Design and procedure
Recruitment and consent
The Psychotherapeutic Outpatient Clinic of the Department of Psychology, Clinical Psychology, at the University of Marburg treats children, adolescents and adults with psychological disorders. Patients can refer themselves or are referred by their pediatricians, psychiatrists, or general practitioners. Parents and children interested in the study are sent a full study description with separate information for parents, teachers, and children, and Conners-3 questionnaires for parents and teachers as well as questions on demographics and therapy expectations. Screen positive patients are invited for a semi-structured diagnostic interview (Kiddie-Sads-Present and Lifetime Version; K-SADS-PL; Kaufman et al., 1996) with a licensed child and adolescent psychotherapist to assess ADHD and possible comorbid disorders. If ADHD is diagnosed, the patient and his/her parents are informed about the treatment options and receive oral information based on the written information already sent out to the families. If the child fulfills diagnostic criteria and the family wants to participate in the study, informed consent is signed by the parents and their children, and further diagnostic assessments are scheduled.
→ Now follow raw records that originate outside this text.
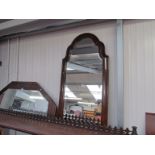 A 17th Century style figured walnut cushion frame bevel edge wall mirror,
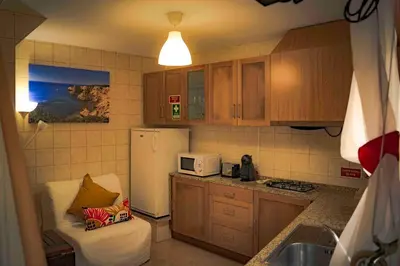 a small kitchen with a refrigerator and a microwave at Casa O Recanto in Raposeira
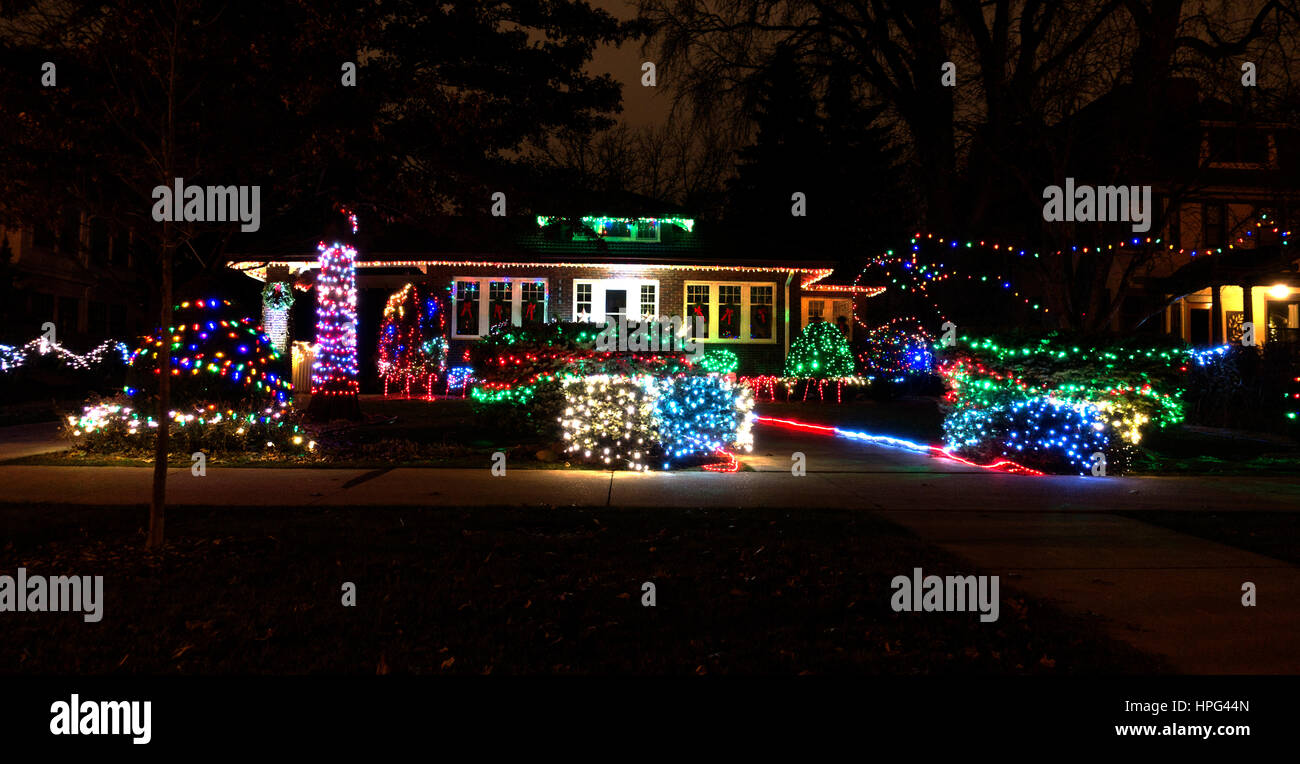 House and yard decorated with colorful Christmas lights along Summit Avenue. St Paul Minnesota
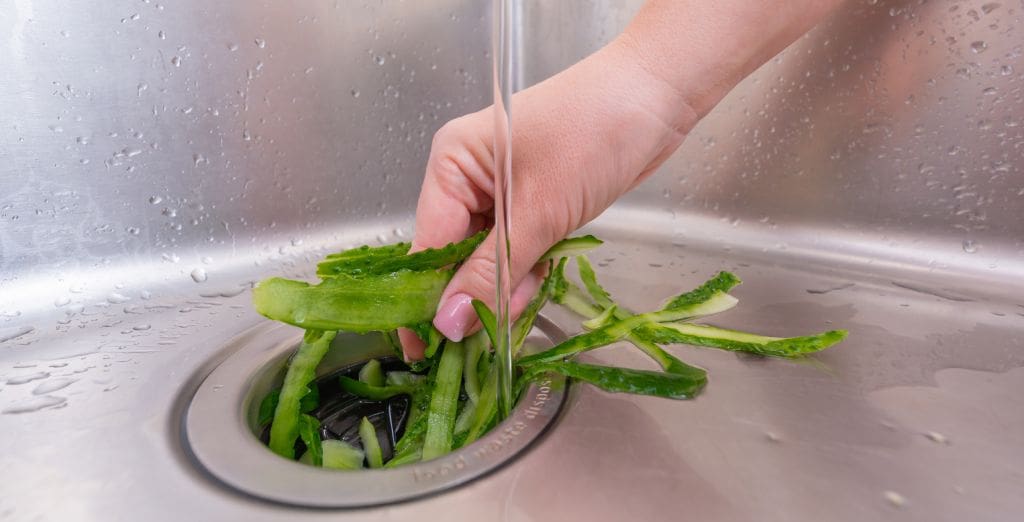 A woman enjoys her new unit, after following XO’s tips on how to replace a garbage disposal.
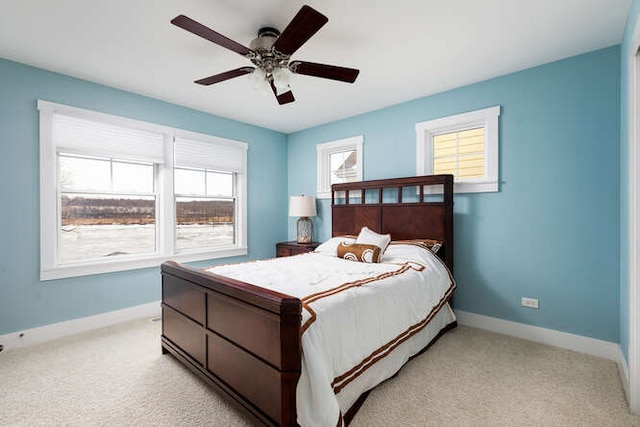 bedroom with ceiling fan and light carpet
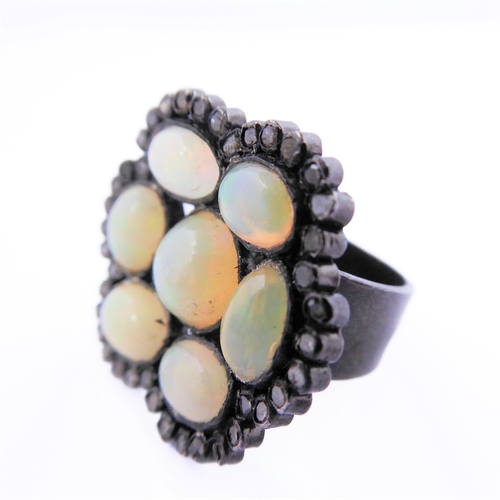 122 - An unusual black lacquered silver ring set with seven opals surrounded by small diamonds, ring size ... 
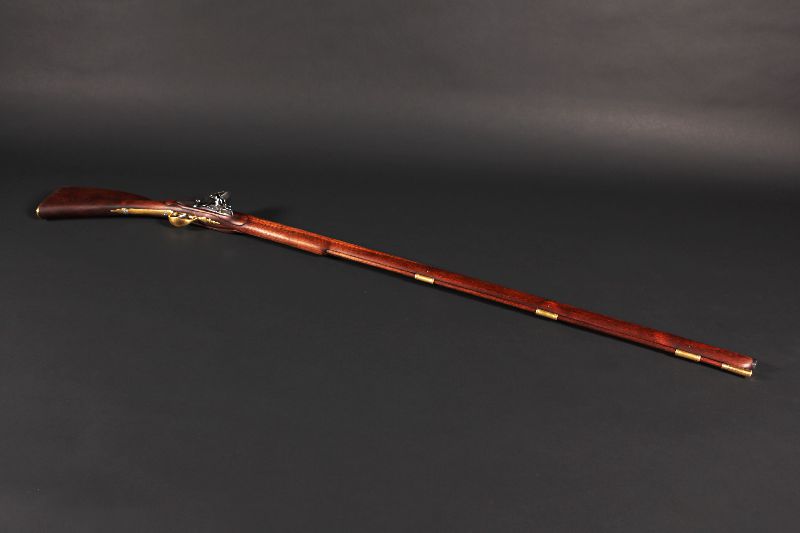 A replica of a long-barreled musket.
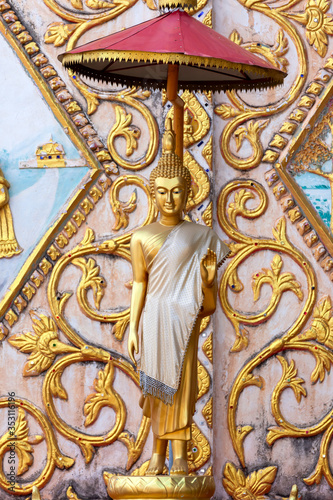 Vertical image Statue of gold Buddha leela standing with Stucco Laos style on the wall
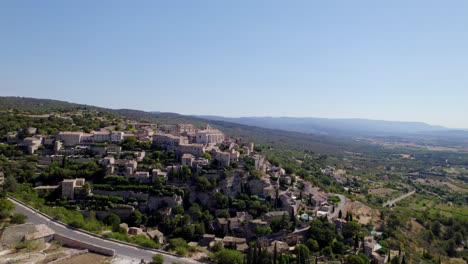 Toma-Aerea:-Dando-Vueltas-Alrededor-Del-Antiguo-Pueblo-De-Gordes,-Francia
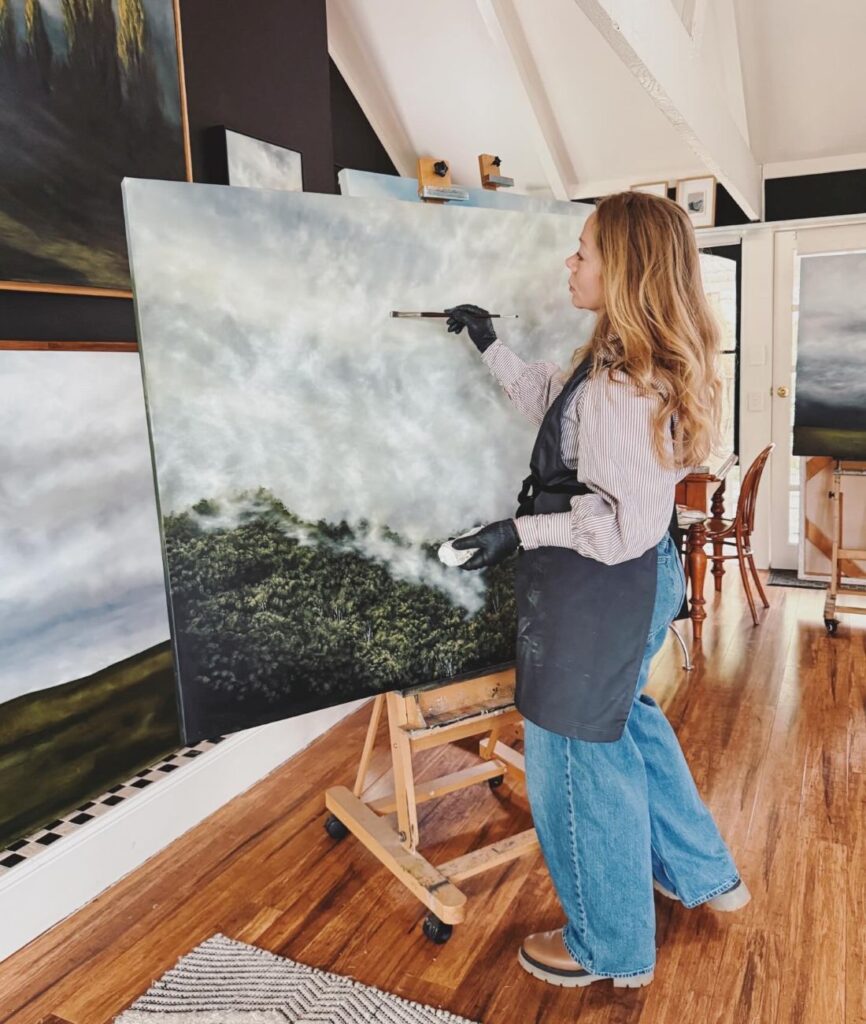 Artist Kelly Kondis painting atmospheric landscape in home studio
Randomization and treatment allocation
The children are randomized to receive either NF or SM training. Parents of children are randomized to parent training groups with either psychoeducation only (PE), or PE enhanced with additional social support (PE+SU). Treatment allocation is performed by computer programming stratified for gender and stimulant medication. In this way, we aim to ensure that trial arms are balanced with respect to the baseline characteristics gender and use of ADHD medication. Patients, parents, therapists, and investigators were not blinded for the treatment allocation. Teachers are blind with respect to treatment allocation.
Procedure
Both the NF and SM interventions are manualized, equal in setting (single), duration, frequency, parental involvement, and supporting token economies (for details on this please refer to treatment protocols of this article). The rationale for those treatment parameters is based on the results of the available meta-analyses (Arns et al., 2009; Esser and Blank, 2011; Zwi et al., 2011; Lofthouse et al., 2012; Moriyama et al., 2012; Sonuga-Barke et al., 2013; Hodgson et al., 2014). The SM training is approved and refunded by insurance providers in Germany for ADHD therapy (for the efficacy of SM trainings for ADHD see the reviews by Saile, 1996; Fabiano et al., 2009); NF is only refunded in health care settings that also do research in the field. Since our department is a university one, it is possible to get NF training refunded by in such a setting.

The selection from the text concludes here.